Los otros alumnos se indignaron por la insidia y se admiraron al comprobar que Zorzano «seguía considerando al profesor como un compañero y al hijo como un alumno más, sin que nunca se le notara la menor animosidad, ni contra uno ni contra otro». La única medida que adoptó Isidoro, con motivo del suceso, fue admitir a título gratuito nuevos alumnos particulares de entre sus discípulos.

La procesión, como de costumbre, va por dentro. Sufrir injusticias zarandea el alma de las personas delicadas, especialmente si —como es el caso— no practican la catarsis de un desahogo confidencial. Refiriéndose a esta época, Zorzano escribirá, con términos un poco literarios, que se le puso «de manifiesto el vacío que reinaba en todo mi ser. ¿Cómo llenarlo? ¿Dónde encontrar el lenitivo a esa lucha del espíritu?» Conviene señalar que no le faltan amigos con quienes sincerarse.

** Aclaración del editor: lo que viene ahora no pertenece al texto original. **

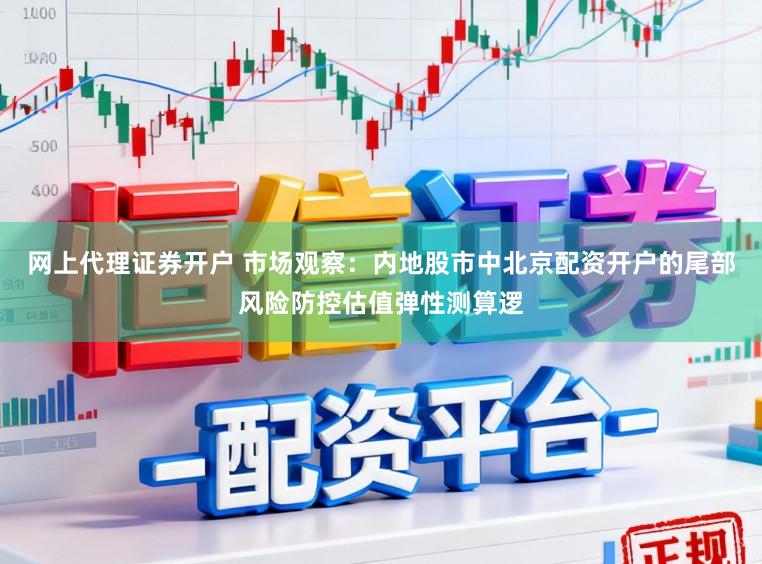 网上代理证券开户 市场观察：内地股市中北京配资开户的尾部风险防控估值弹性测算逻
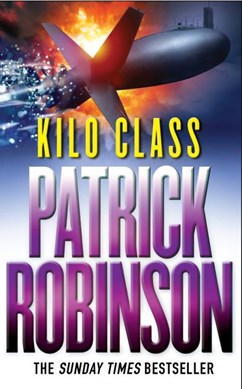 Kilo class by Patrick Robinson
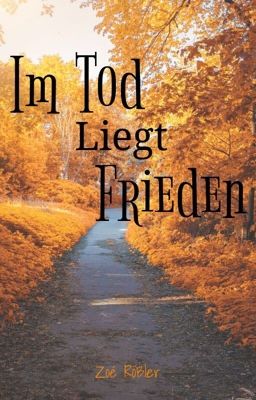 Im Tod liegt Frieden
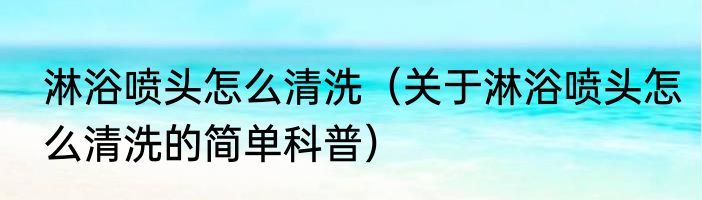 淋浴喷头怎么清洗（关于淋浴喷头怎么清洗的简单科普）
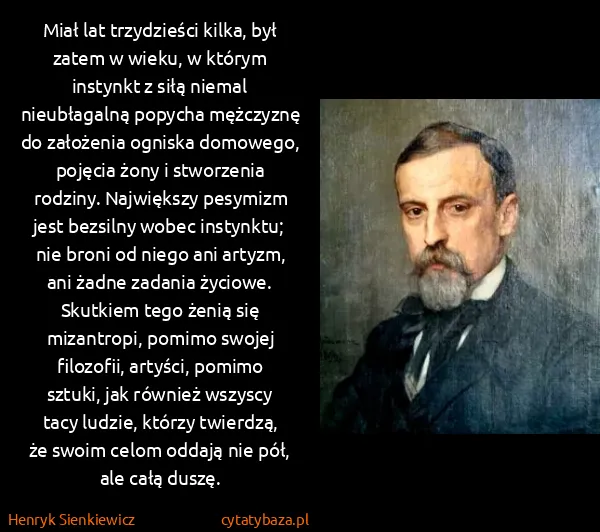 Henryk Sienkiewicz: Miał lat trzydzieści kilka, był zatem w wieku, w którym...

Al margen de los ya citados, su profesión le depara otros contactos de tipo social. En Málaga los ingenieros industriales, muy pocos, no constituyen todavía un Colegio en sentido estricto. De modo informal, se reúnen cada mes, en los Baños del Carmen, para almorzar juntos y charlar de sus intereses comunes. El más joven —por el momento, Zorzano— cumple las funciones de secretario y levanta el acta de los encuentros.

Pronto es relevado en este cometido. En junio de 1930 llega, para trabajar en la nueva Azucarera de Málaga, un conocido de la Escuela de Ingenieros. Andrés Félez, aragonés, había terminado la carrera un año después que Isidoro y estaba todavía soltero. De familia católica, no frecuentaba, por entonces, mucho la iglesia: el último año de sus estudios había pertenecido a la FUE. Se declaraba republicano. De todas maneras, Isidoro —que no discrimina a las personas por sus ideas— lo incorpora a su círculo malagueño. Andrés acompañará en las excursiones al grupo de Salvador Vicente y asiste a las tertulias vespertinas en la tienda de Ángel Herrero. Algunos domingos Isidoro y Andrés pasan el día en la casa del óptico en Frigiliana, donde residen bastantes parientes de Ángel, propietarios de una fábrica de harinas y miel.

El ambiente resulta distendido y se habla de todo. Entre otros asuntos, del problema planteado por la Eléctrica del Litoral, proveedora de energía para la zona, que acaba de anunciar una descomunal subida en las tarifas. Alguien sugiere una feliz ocurrencia:

—¿Y por qué no montamos nuestra propia central?

En terrenos de la familia, existían los restos de un viejo salto de agua, que había movido la primitiva fábrica de miel. Zorzano confirma la viabilidad de la idea: con algunas adaptaciones y un equipo adecuado, el salto proporcionaría electricidad barata para la fábrica y para el pueblo entero. Isidoro queda encargado de proyectar y dirigir la obra.